◆ **TASK TO COMPLETE**
Once you find the line with "Rauch Scale Slide", output it and every line after it exactly, through the last line of the listing, but no pictures.

◆ **INPUT FOR THIS TASK**
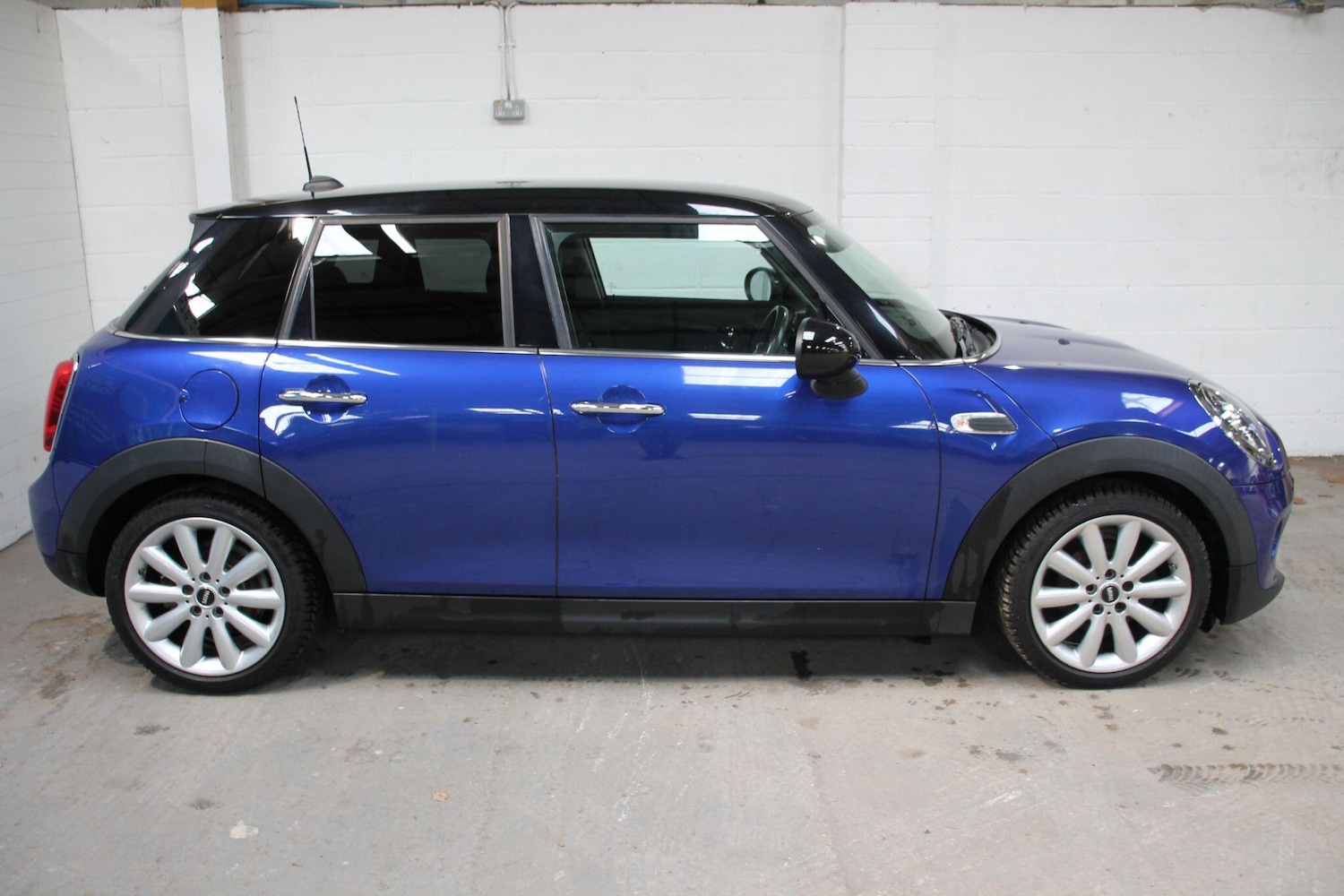 Used MINI Hatch 2019 for sale - 76801812: Photo 8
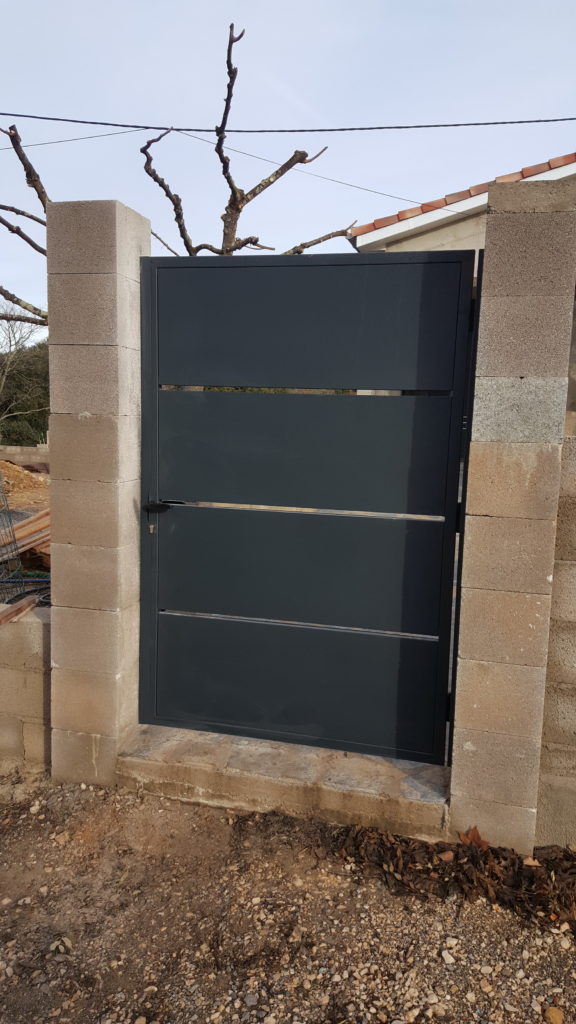 Portillon acier moderne - Quissac (Gard 30)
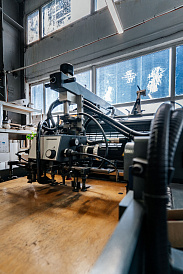 Фото 3 оборудования 'Автоматический ламинатор Autobond Mini 76 TH'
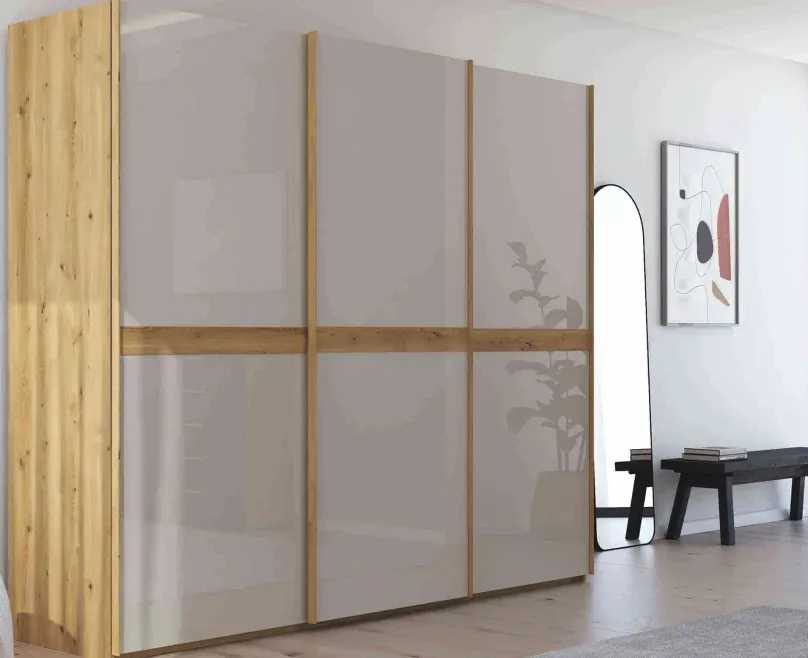 Rauch Scale Slide Line Schwebetürenschrank mit Glastüren Hot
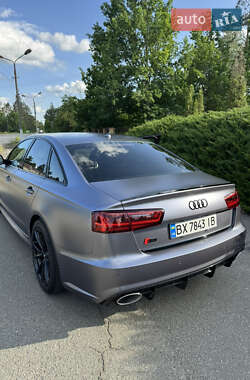 Седан Audi A6 2015 в 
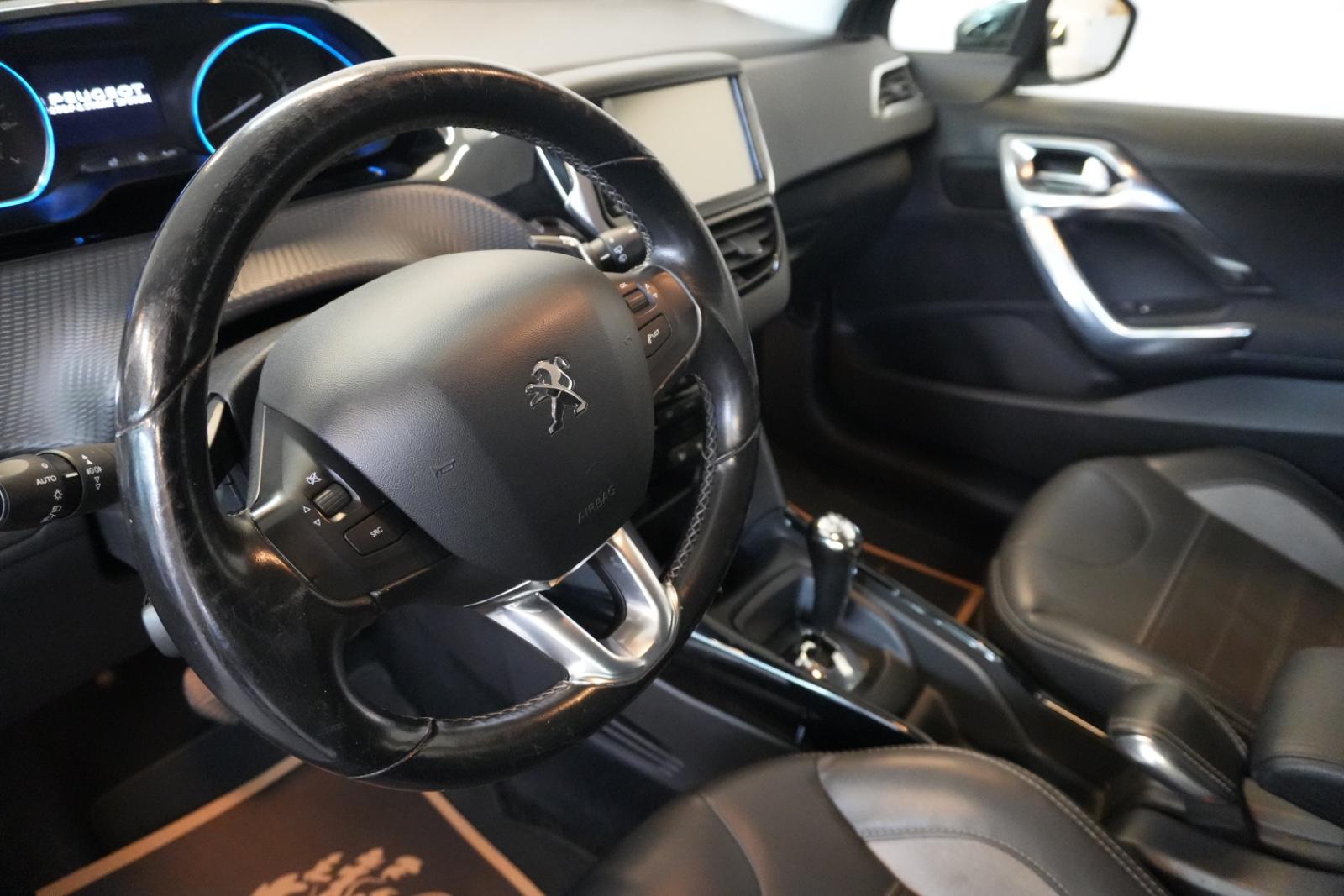 Peugeot 2008 1.2 VTi Allure Automatik PDC AHK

◆ **WRITTEN SOLUTION**
 Rauch Scale Slide Line Schwebetürenschrank mit Glastüren Hot
 Седан Audi A6 2015 в 
 Peugeot 2008 1.2 VTi Allure Automatik PDC AHK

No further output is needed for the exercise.